▸ Work instructions
Every entry below should be copied exactly, minus the pictures.

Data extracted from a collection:
---------------

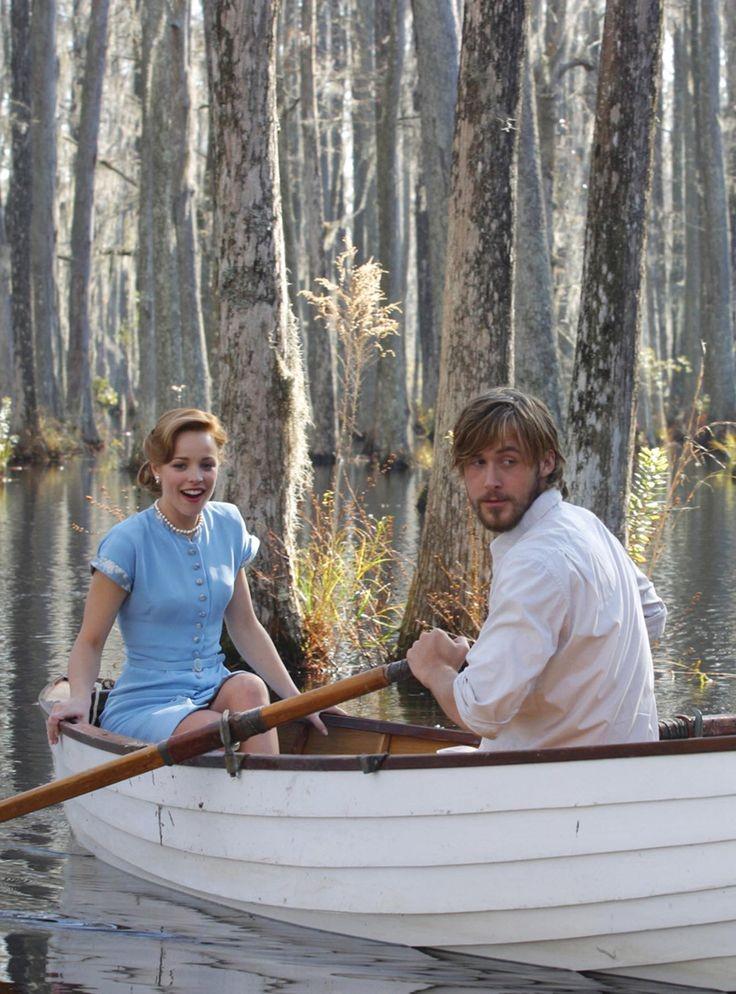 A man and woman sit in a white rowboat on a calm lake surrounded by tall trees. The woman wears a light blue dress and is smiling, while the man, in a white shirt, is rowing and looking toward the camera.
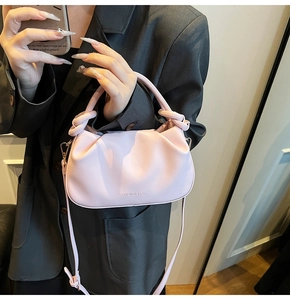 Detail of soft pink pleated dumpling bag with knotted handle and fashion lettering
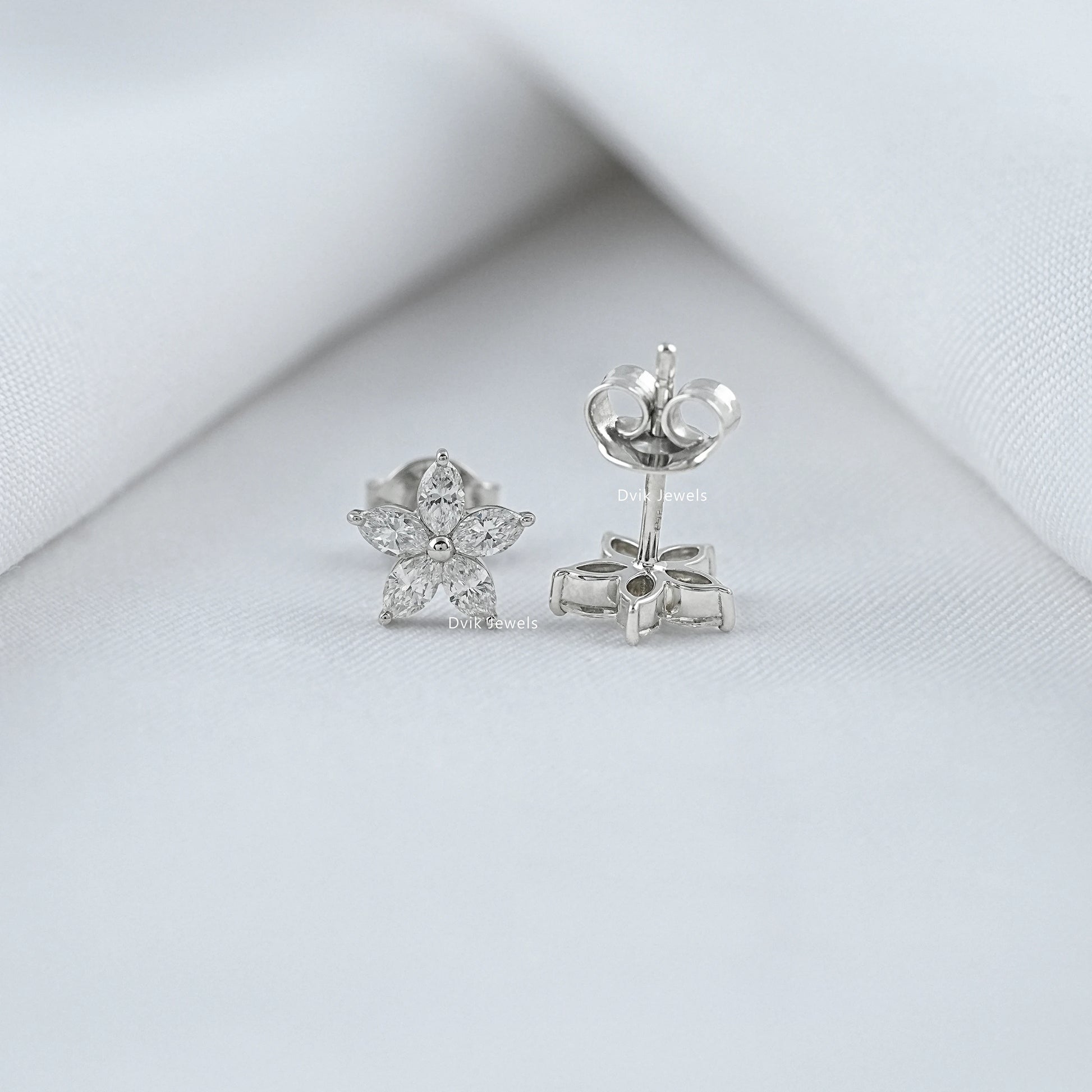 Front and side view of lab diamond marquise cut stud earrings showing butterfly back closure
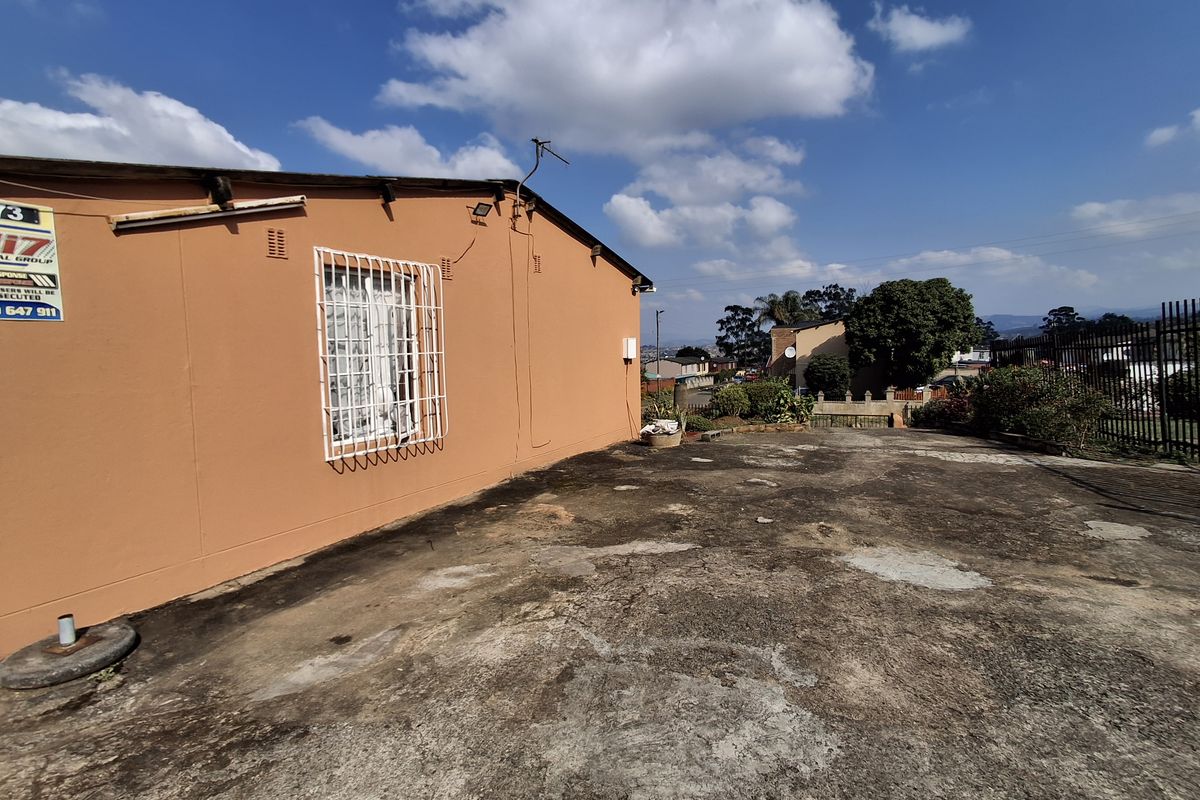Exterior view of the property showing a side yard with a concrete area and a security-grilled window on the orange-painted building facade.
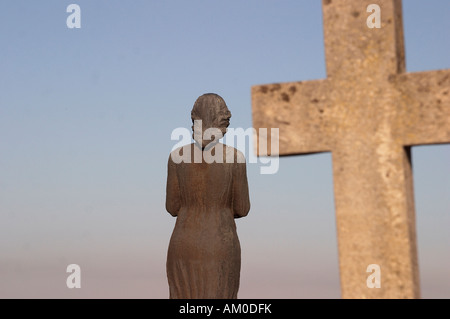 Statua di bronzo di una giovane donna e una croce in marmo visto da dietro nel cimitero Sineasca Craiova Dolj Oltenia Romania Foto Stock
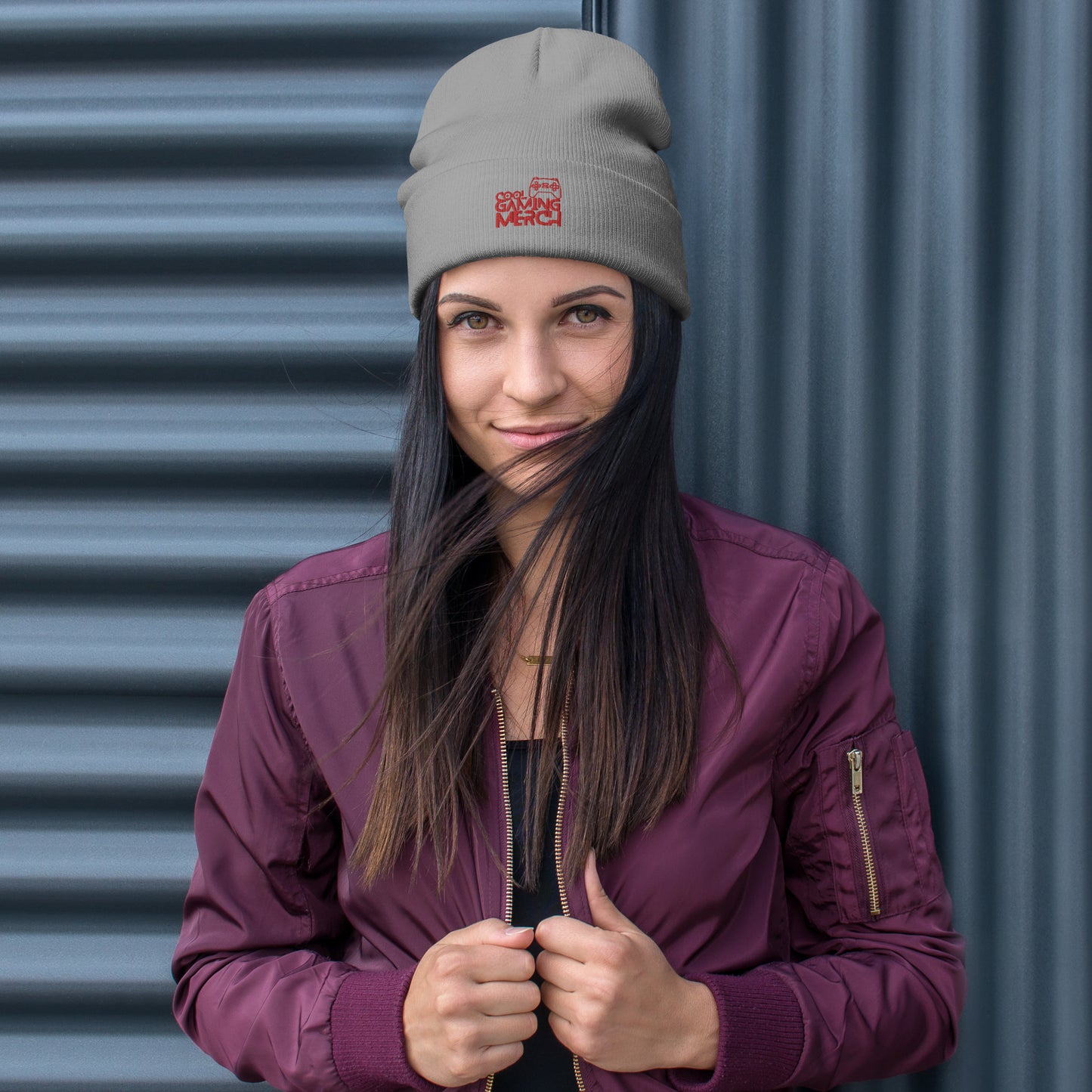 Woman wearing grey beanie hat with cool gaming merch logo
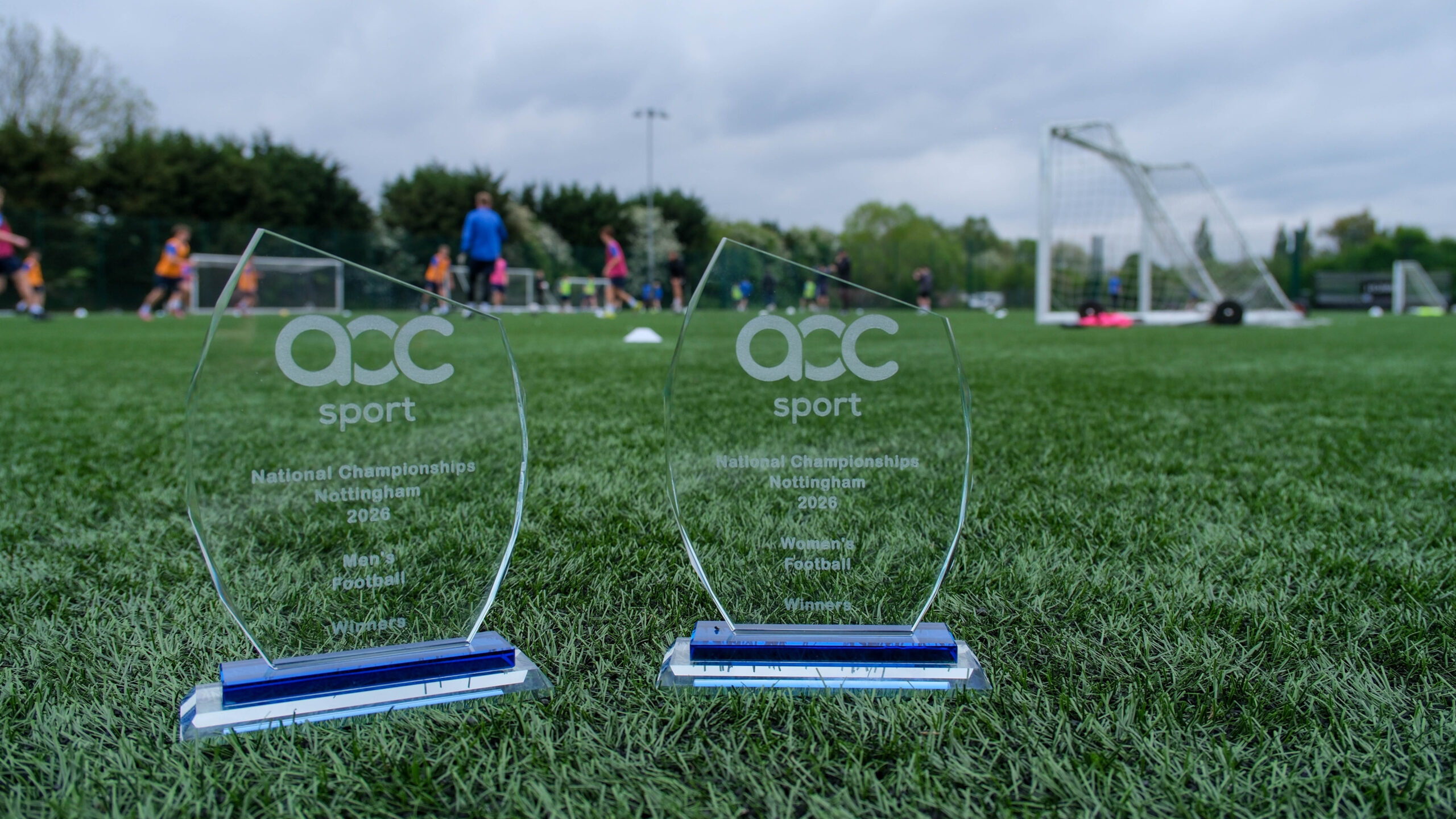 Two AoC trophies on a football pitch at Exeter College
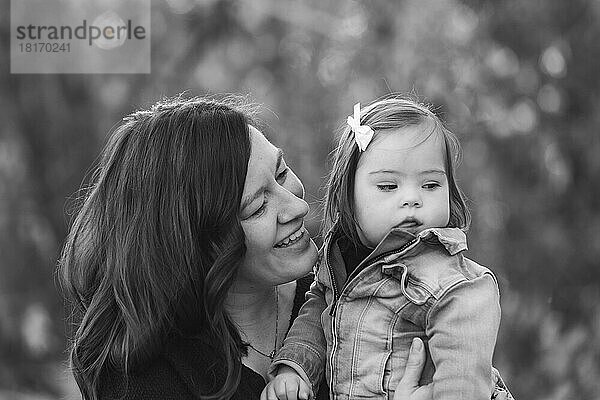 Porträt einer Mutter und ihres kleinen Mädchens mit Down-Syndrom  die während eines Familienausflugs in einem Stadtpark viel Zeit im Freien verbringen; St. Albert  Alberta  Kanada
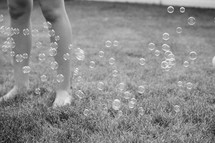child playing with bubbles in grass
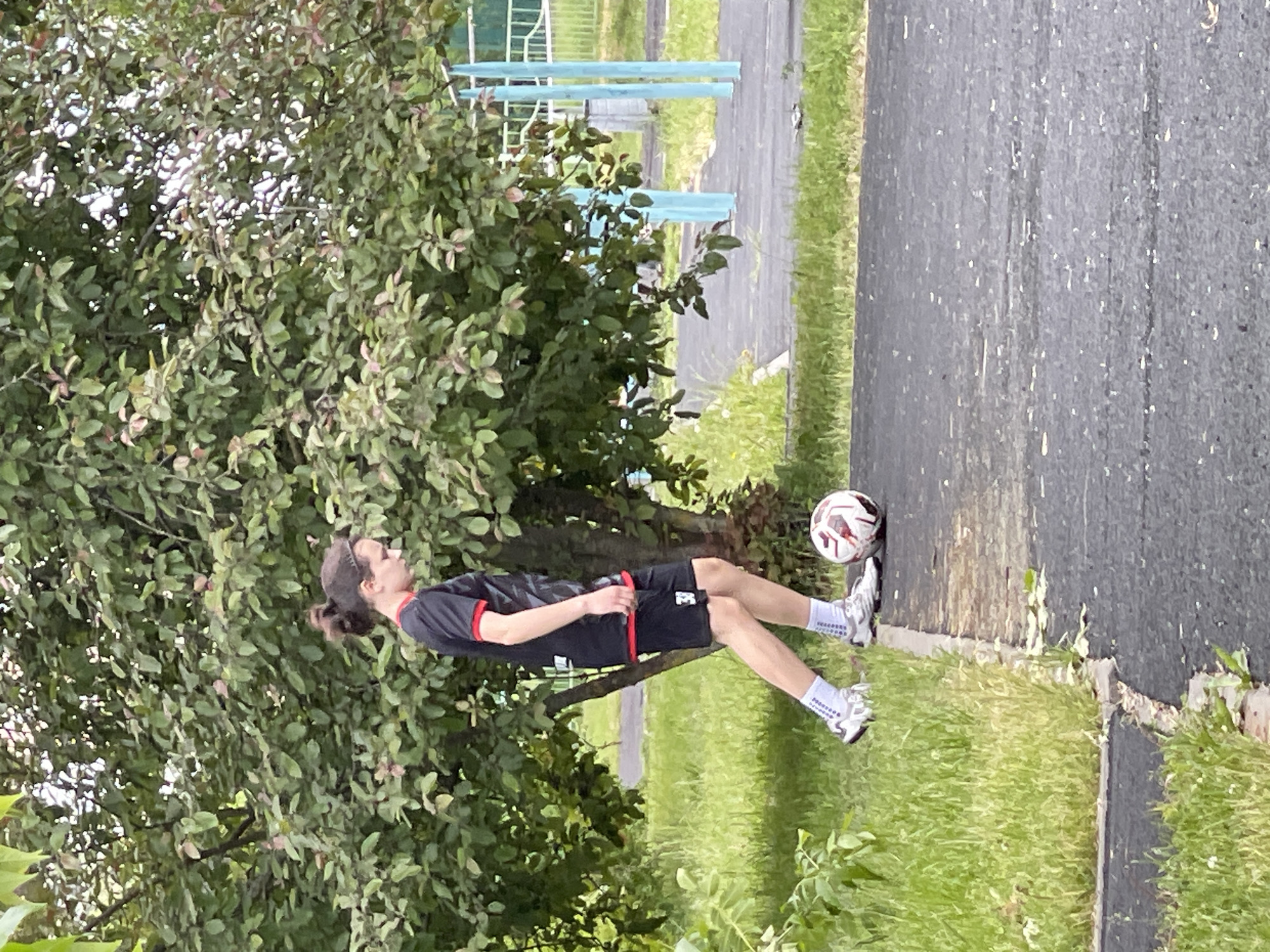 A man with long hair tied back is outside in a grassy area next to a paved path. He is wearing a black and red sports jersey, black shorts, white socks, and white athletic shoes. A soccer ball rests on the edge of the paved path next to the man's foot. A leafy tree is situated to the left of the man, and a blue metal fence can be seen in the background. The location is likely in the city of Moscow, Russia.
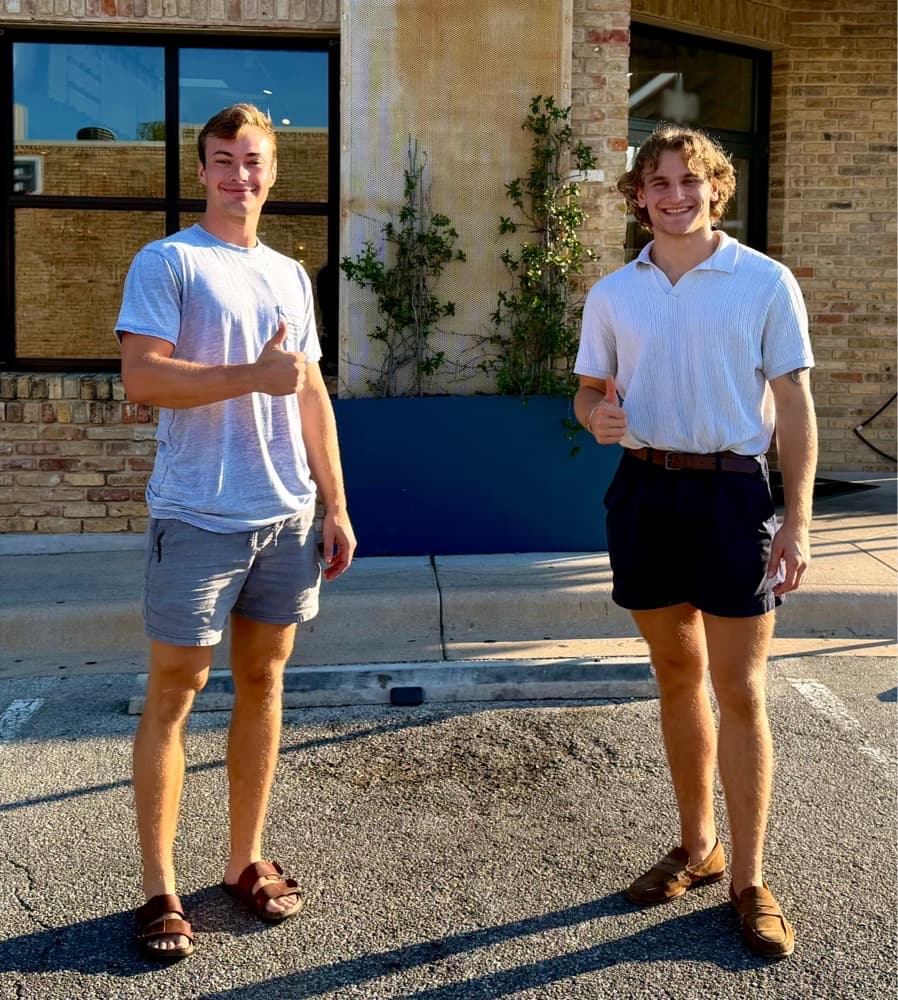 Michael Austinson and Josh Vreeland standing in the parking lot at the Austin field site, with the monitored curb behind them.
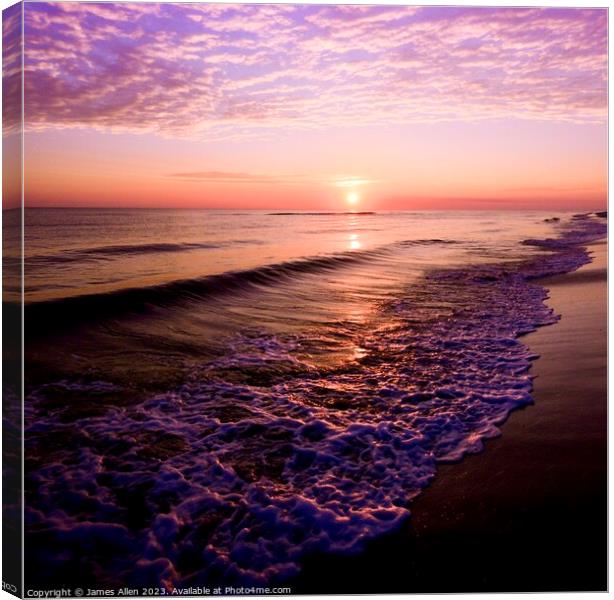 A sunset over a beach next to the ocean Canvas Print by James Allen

---------------

▸ Exercise response
 A man and woman sit in a white rowboat on a calm lake surrounded by tall trees. The woman wears a light blue dress and is smiling, while the man, in a white shirt, is rowing and looking toward the camera.
 Detail of soft pink pleated dumpling bag with knotted handle and fashion lettering
 Front and side view of lab diamond marquise cut stud earrings showing butterfly back closure
Exterior view of the property showing a side yard with a concrete area and a security-grilled window on the orange-painted building facade.
 Statua di bronzo di una giovane donna e una croce in marmo visto da dietro nel cimitero Sineasca Craiova Dolj Oltenia Romania Foto Stock
 Woman wearing grey beanie hat with cool gaming merch logo
 Two AoC trophies on a football pitch at Exeter College
 Porträt einer Mutter und ihres kleinen Mädchens mit Down-Syndrom  die während eines Familienausflugs in einem Stadtpark viel Zeit im Freien verbringen; St. Albert  Alberta  Kanada
child playing with bubbles in grass
 A man with long hair tied back is outside in a grassy area next to a paved path. He is wearing a black and red sports jersey, black shorts, white socks, and white athletic shoes. A soccer ball rests on the edge of the paved path next to the man's foot. A leafy tree is situated to the left of the man, and a blue metal fence can be seen in the background. The location is likely in the city of Moscow, Russia.
 Michael Austinson and Josh Vreeland standing in the parking lot at the Austin field site, with the monitored curb behind them.
 A sunset over a beach next to the ocean Canvas Print by James Allen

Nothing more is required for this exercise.